Modern's 2009 revenue of $16.6 million is a fraction of Citi Private Bank's $2.07 billion. Still, for Kozlowski the new post marks a return to being a banker for wealthy people.

After a series of jobs at Bank of America Corp. early in his career, he joined New York-based Citigroup in 2000 as head of strategy at Citi Private Bank, which caters to people with more than $20 million. In November 2002, he was named president of the private bank's U.S. region and was promoted to global CEO of the unit in June 2005.

Two years later, he was forced out in a shakeup under Sallie Krawcheck, 46, the head of wealth management who herself was later pushed out and now works at Bank of America. Kozlowski formed a private-equity group to buy a bank or obtain a charter for a new one, then abandoned the effort this year because regulators were reluctant to approve such deals, he said.

Modern History

Modern was formed in December 2005 by Chairman Bippy Siegal, 43, through a buyout of Excel Bank NA for an undisclosed price. Siegal is CEO of New York-based private-equity firm Raycliff Capital and a Boston University trustee. Regulatory records show $6.83 million was pumped into Modern in late 2005.

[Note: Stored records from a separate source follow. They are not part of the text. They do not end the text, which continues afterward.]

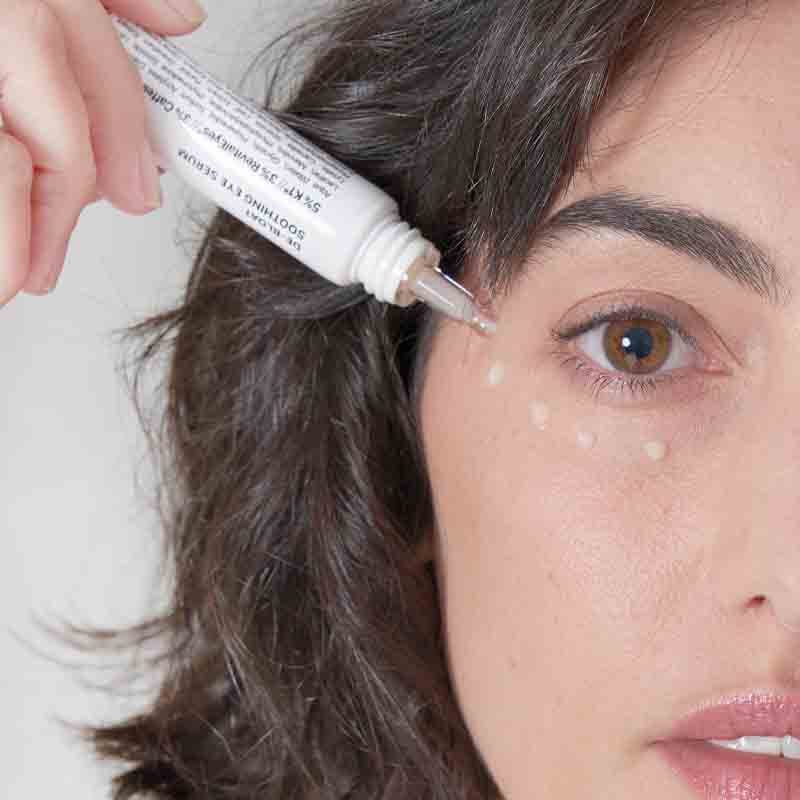 Transparent Lab Augenpflege De-Bloat Soothing Eye Serum - Augenserum für den Tag
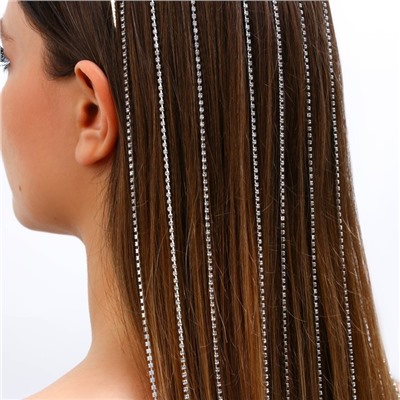 Ободок для волос со стразами «Блистай», длина цепочек 42 см
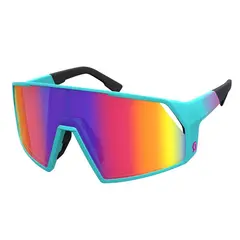 Scott Solbriller Pro Shield - Metaverse Blå/Rosa - Teal Krom Linse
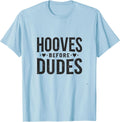 Hooves Before Dudes Goat Lover Design T-Shirt - Baby Blue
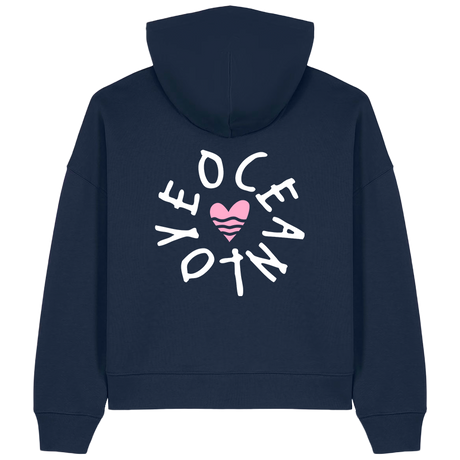 Oceanlove  – Damen Hoodie | Bio-Baumwolle | Backprint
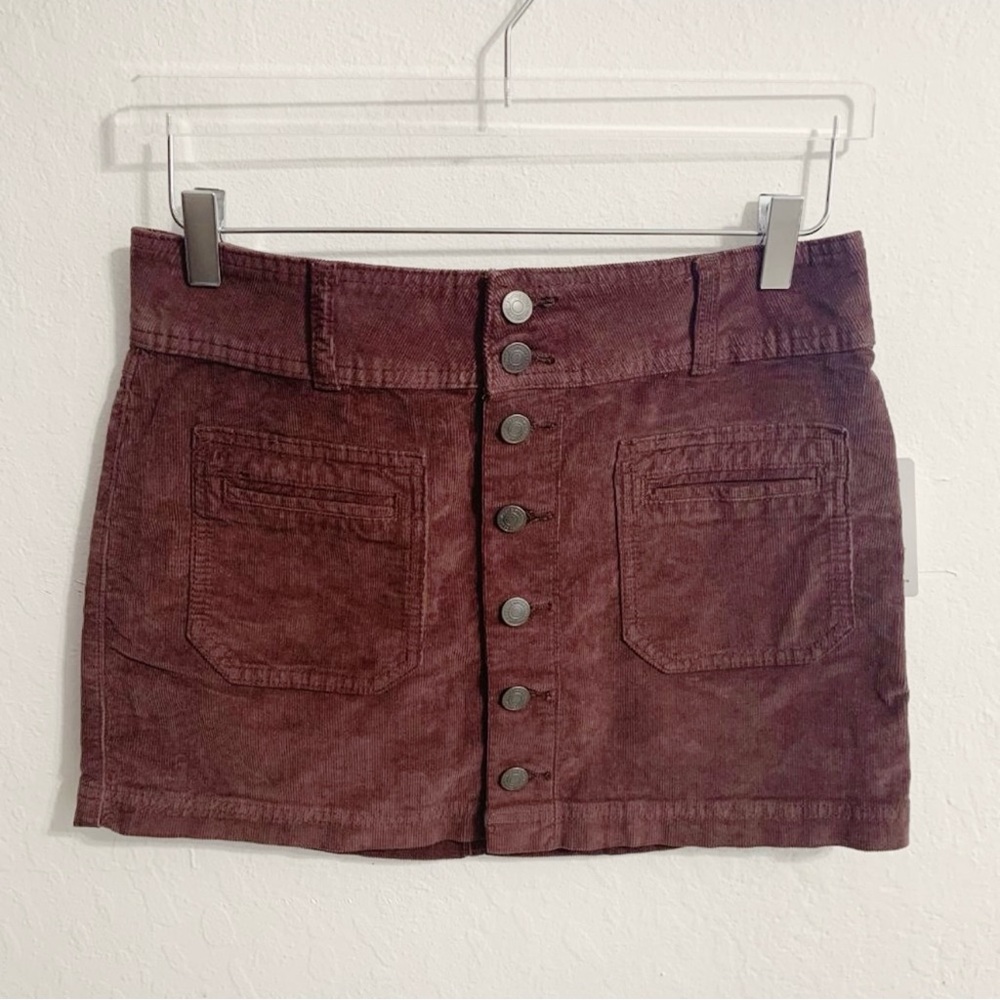Free People Joanie Corduory Mini Skirt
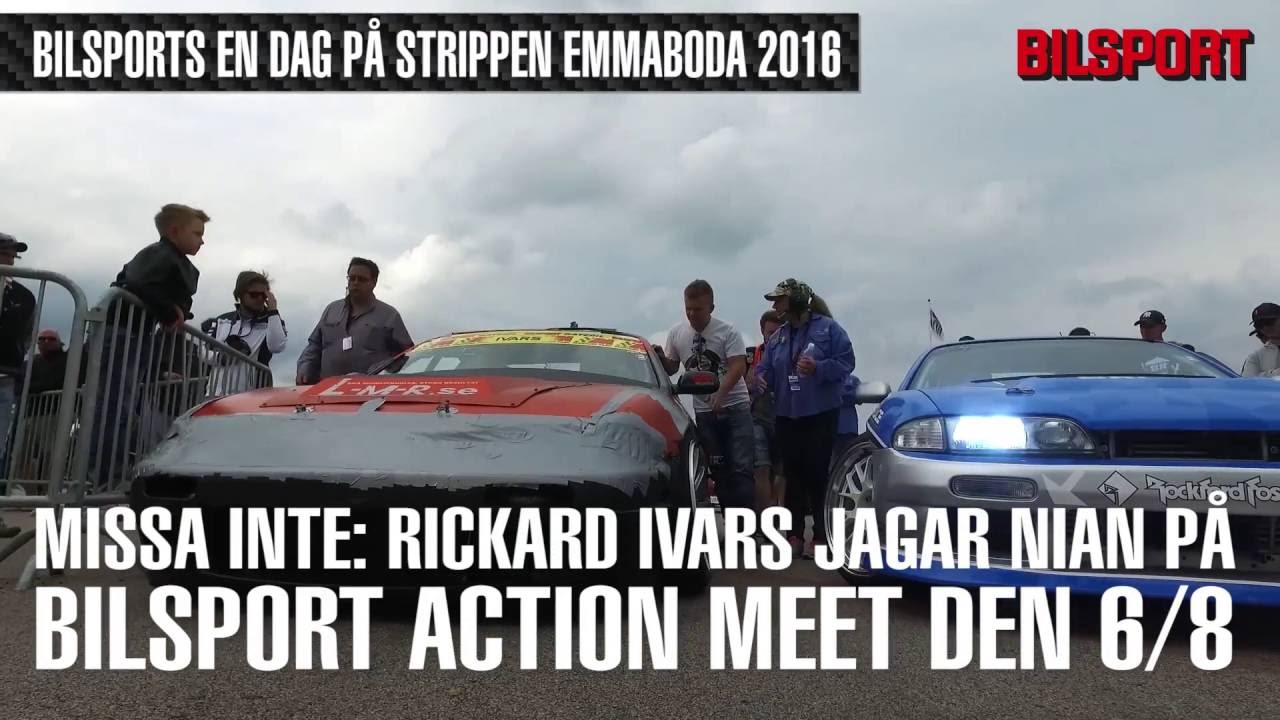 Rickard Ivars jagar nian p&aring; Action Meet den 6/8
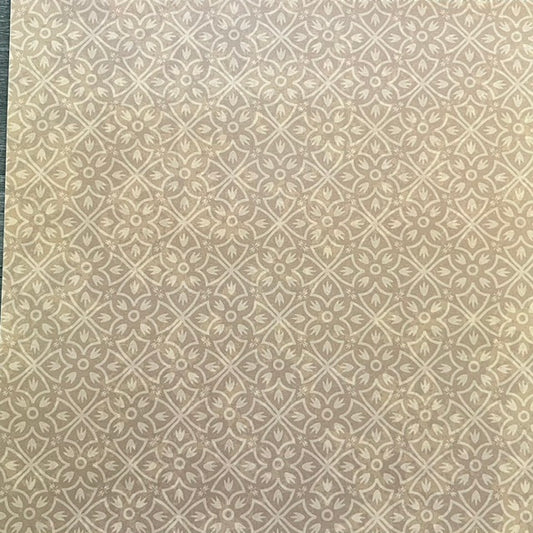 Vintage Market - Heirloom Tile Garden 12x12 Single-Sided Paper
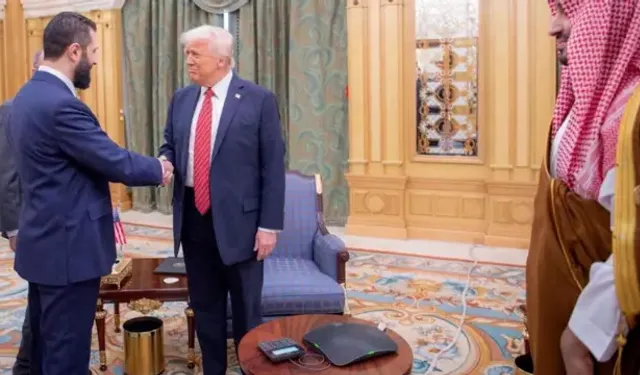 Suriye Devlet Başkanı eş-Şara, ABD Başkanı Trump ile bir araya geldi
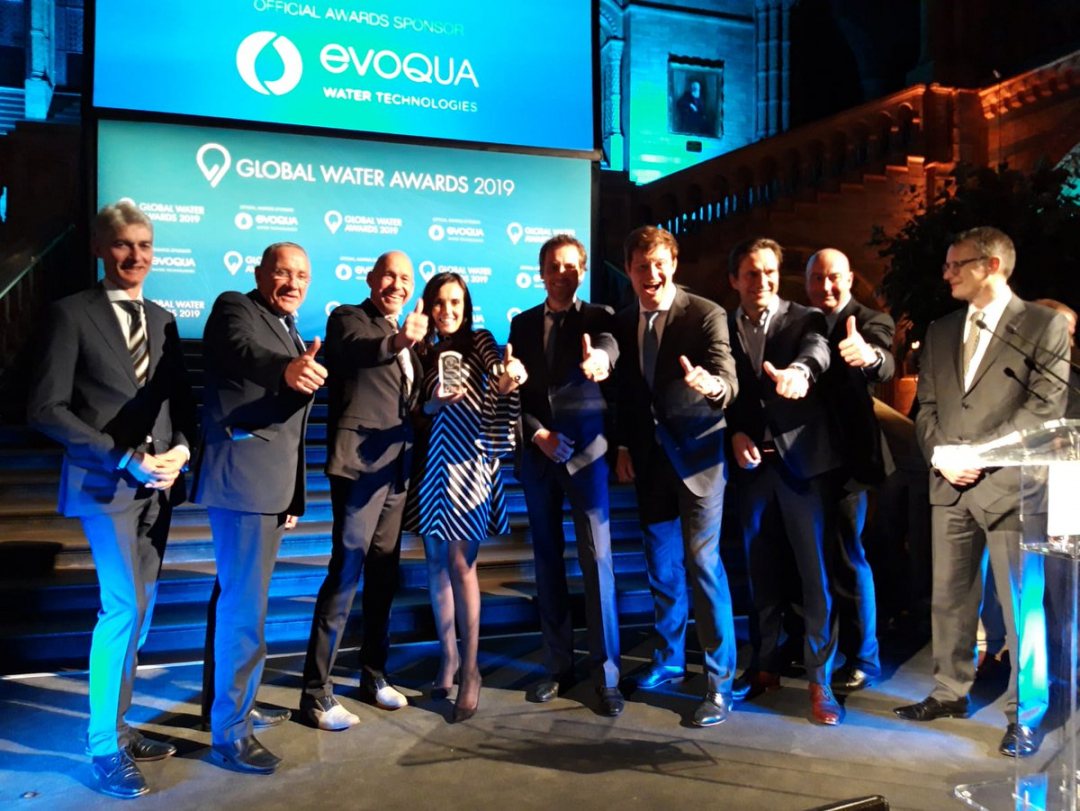 The Nereda team receiving the award at the Global Water Awards 2019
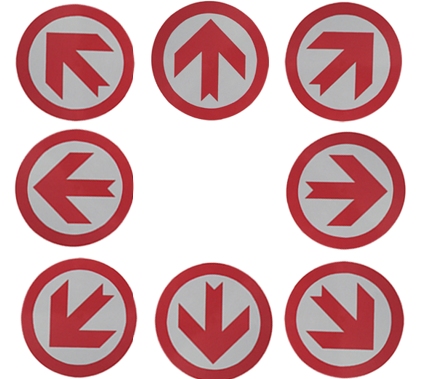 Manually 3M Engineering Grade Reflective Traffic Signs Foldable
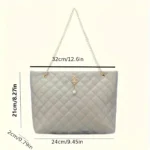 6 Colors Fashion Black Shoulder Bags for Women Large Shopper Bag Solid - Image 5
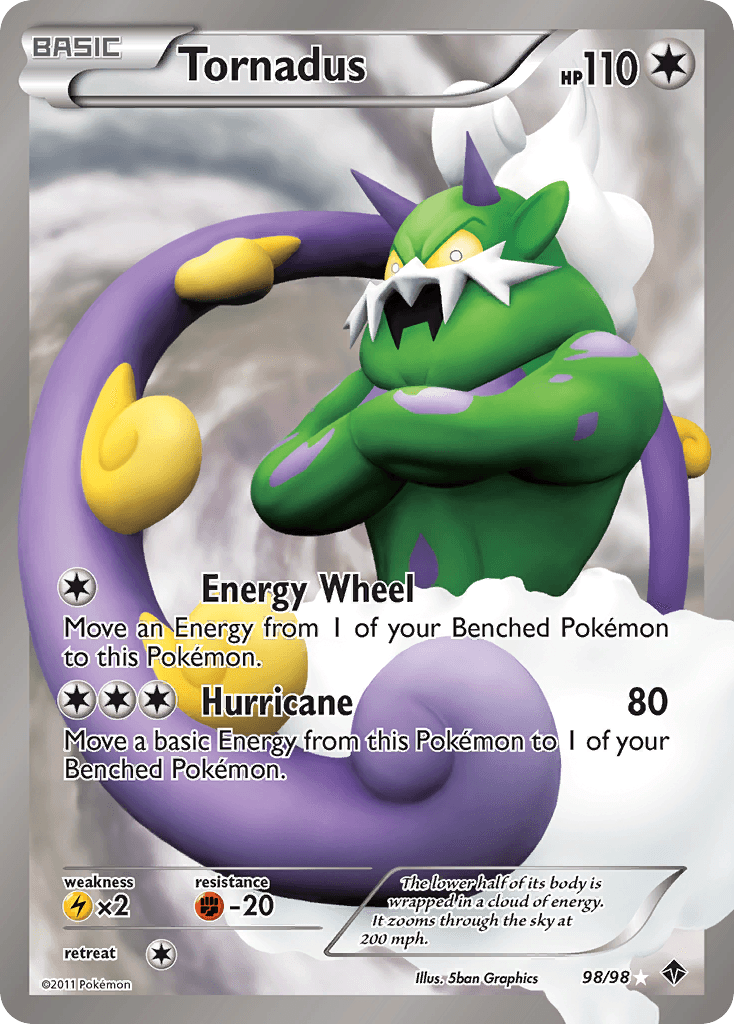 Tornadus (Emerging Powers) #98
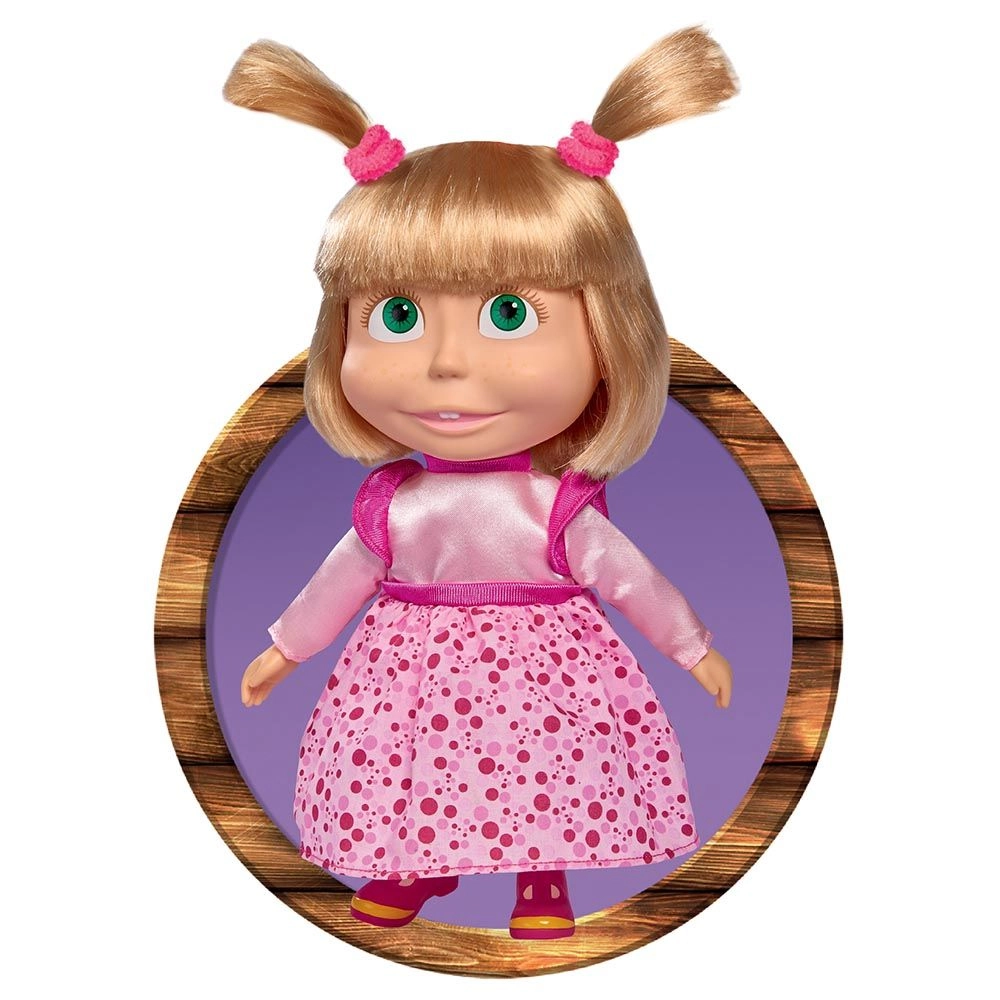 Masha And The Bear Doll - 30cm 2 Extra Dresses Ages 3+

The September 2006 press release called Modern the "first new private bank in New York in 25 years," with a goal of serving "a select clientele of high-net-worth individuals and families."

Other board members include David House, a J. Crew Group Inc. director and former American Express Co. executive, and Jonathan Linen, another former AmEx manager who serves on the boards of Intercontinental Hotels Group Plc and Yum! Brands Inc.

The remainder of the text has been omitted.